**Problem statement:** Give the listing below again exactly, but without any of its pictures.

**Records for the exercise:**

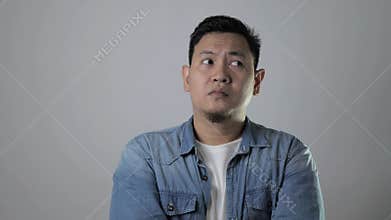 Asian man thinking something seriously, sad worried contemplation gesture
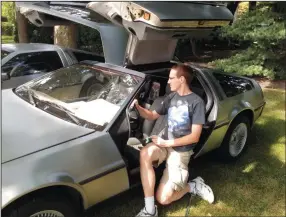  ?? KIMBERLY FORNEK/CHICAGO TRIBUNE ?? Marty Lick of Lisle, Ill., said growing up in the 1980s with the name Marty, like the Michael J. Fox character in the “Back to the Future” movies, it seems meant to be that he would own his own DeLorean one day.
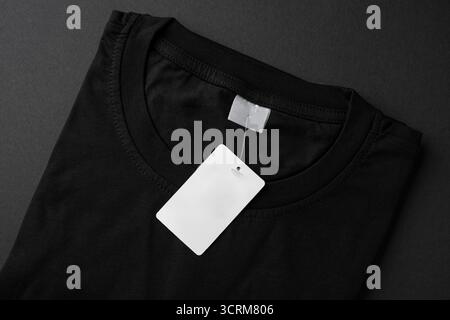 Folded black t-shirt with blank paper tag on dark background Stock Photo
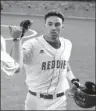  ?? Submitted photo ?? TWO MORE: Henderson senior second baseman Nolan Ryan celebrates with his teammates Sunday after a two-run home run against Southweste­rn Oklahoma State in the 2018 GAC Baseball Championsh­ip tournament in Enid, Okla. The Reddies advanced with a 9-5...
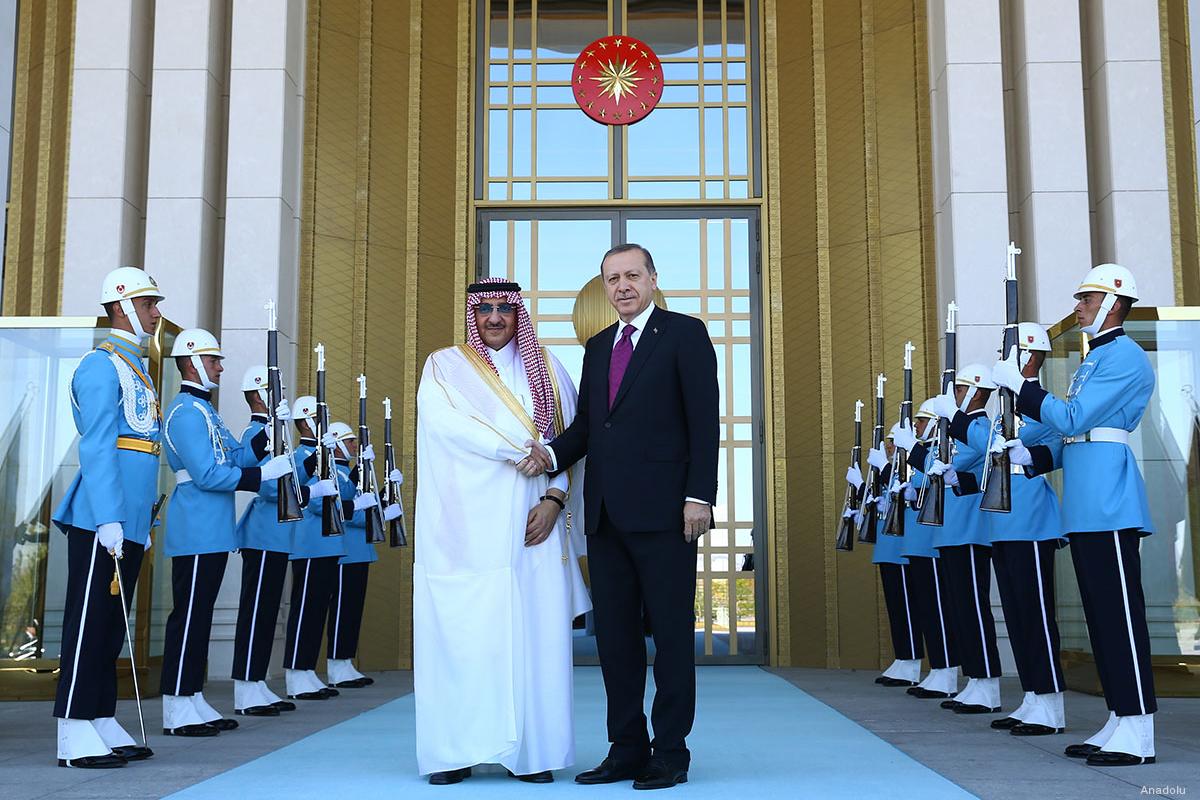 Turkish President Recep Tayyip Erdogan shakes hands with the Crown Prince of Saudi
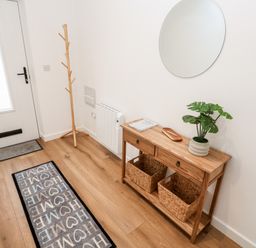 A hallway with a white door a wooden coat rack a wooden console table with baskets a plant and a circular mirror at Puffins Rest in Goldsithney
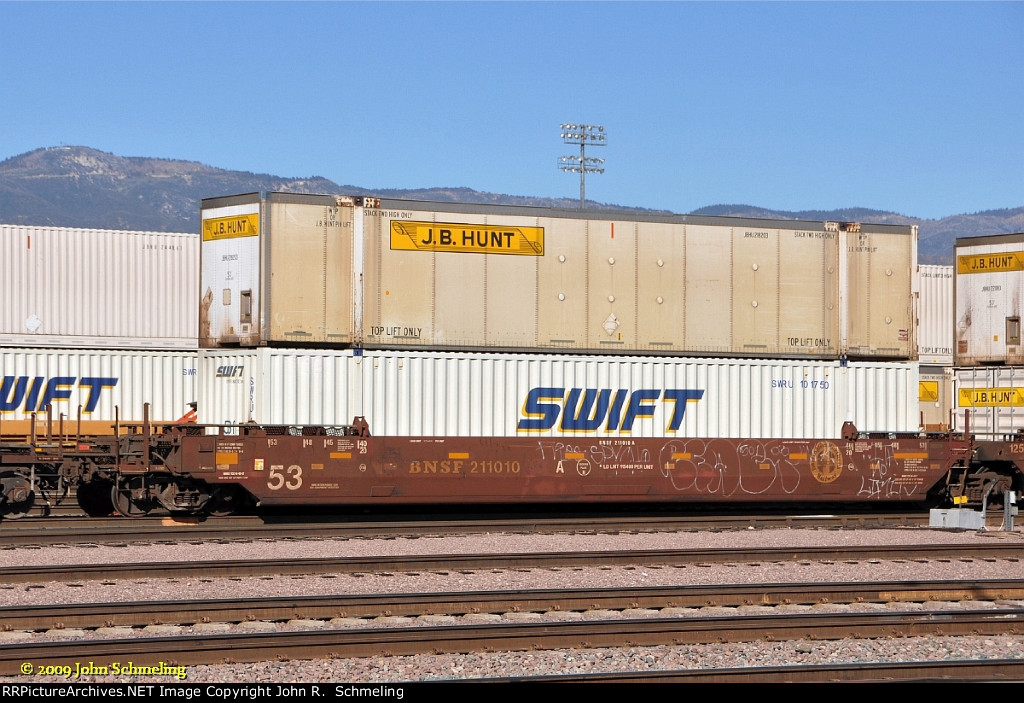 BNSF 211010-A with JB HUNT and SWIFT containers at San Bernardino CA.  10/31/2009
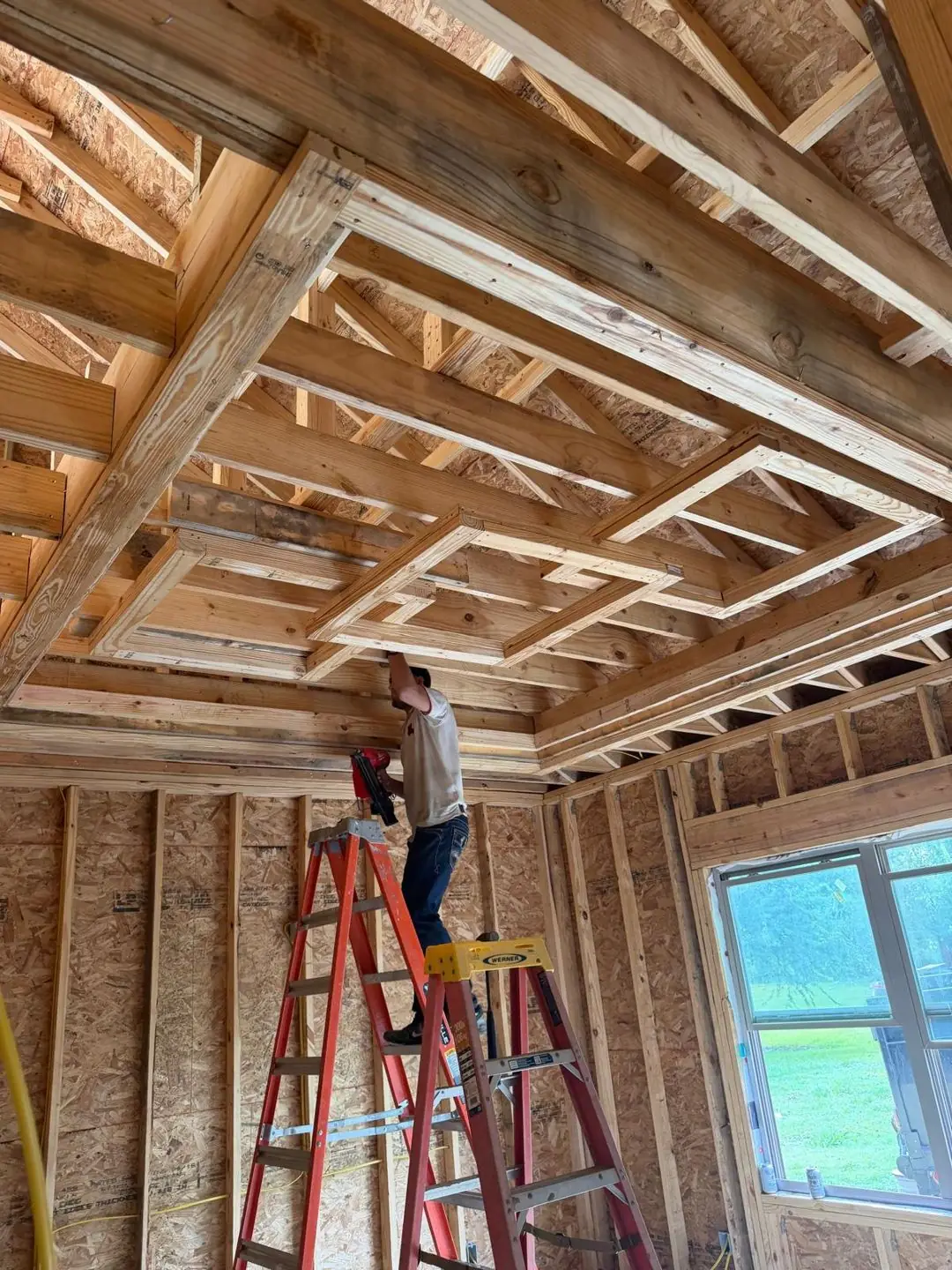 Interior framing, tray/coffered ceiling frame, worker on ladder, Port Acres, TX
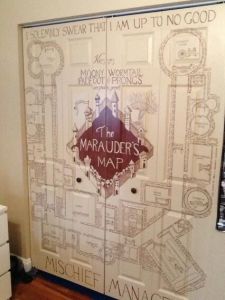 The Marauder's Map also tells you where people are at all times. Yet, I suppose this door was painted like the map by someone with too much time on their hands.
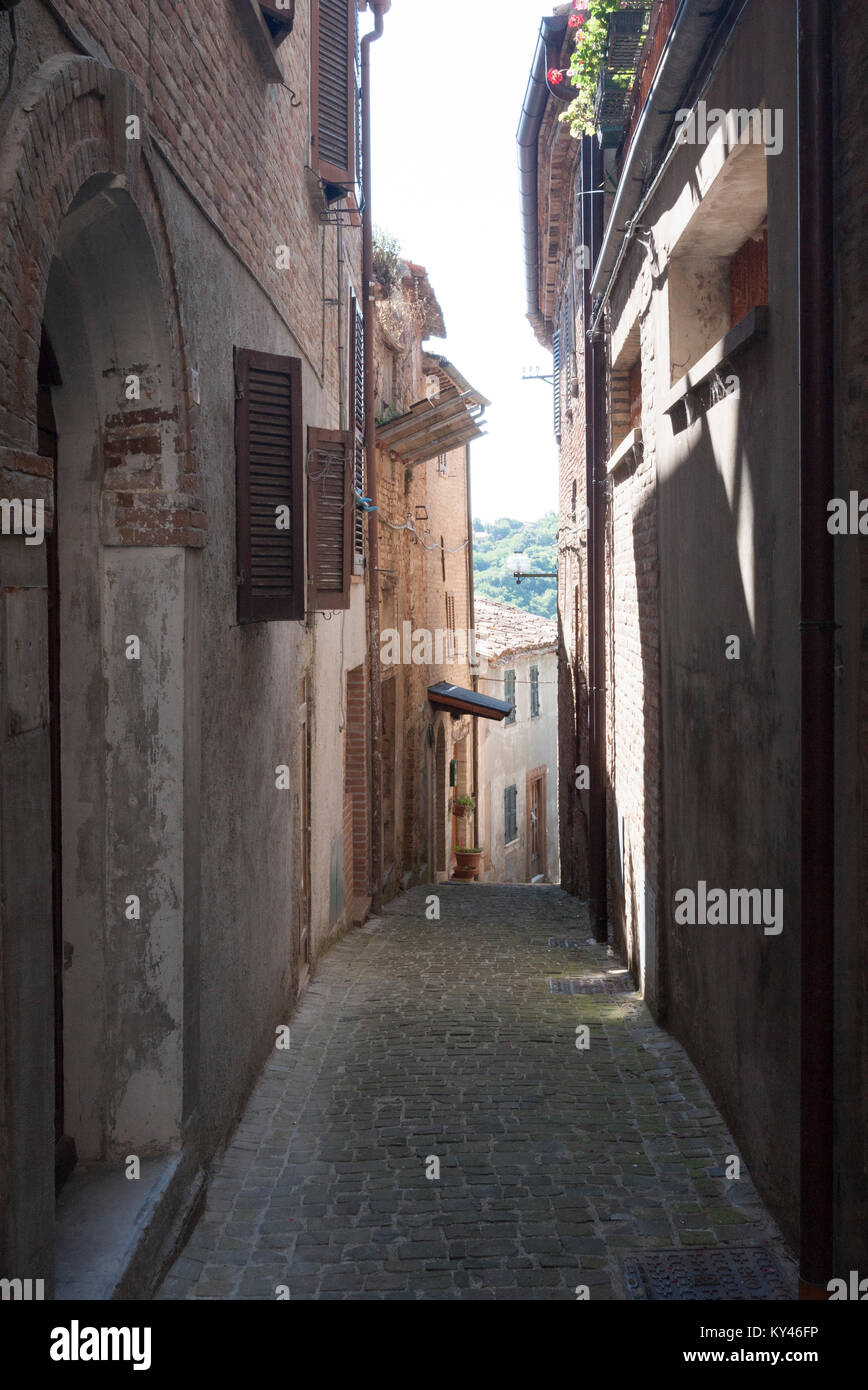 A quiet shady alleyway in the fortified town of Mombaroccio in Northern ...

**Solution to this task:**
 Asian man thinking something seriously, sad worried contemplation gesture
  ?? KIMBERLY FORNEK/CHICAGO TRIBUNE ?? Marty Lick of Lisle, Ill., said growing up in the 1980s with the name Marty, like the Michael J. Fox character in the “Back to the Future” movies, it seems meant to be that he would own his own DeLorean one day.
 Folded black t-shirt with blank paper tag on dark background Stock Photo
  ?? Submitted photo ?? TWO MORE: Henderson senior second baseman Nolan Ryan celebrates with his teammates Sunday after a two-run home run against Southweste­rn Oklahoma State in the 2018 GAC Baseball Championsh­ip tournament in Enid, Okla. The Reddies advanced with a 9-5...
 Turkish President Recep Tayyip Erdogan shakes hands with the Crown Prince of Saudi
 A hallway with a white door a wooden coat rack a wooden console table with baskets a plant and a circular mirror at Puffins Rest in Goldsithney
 BNSF 211010-A with JB HUNT and SWIFT containers at San Bernardino CA.  10/31/2009
 Interior framing, tray/coffered ceiling frame, worker on ladder, Port Acres, TX
 The Marauder's Map also tells you where people are at all times. Yet, I suppose this door was painted like the map by someone with too much time on their hands.
 A quiet shady alleyway in the fortified town of Mombaroccio in Northern ...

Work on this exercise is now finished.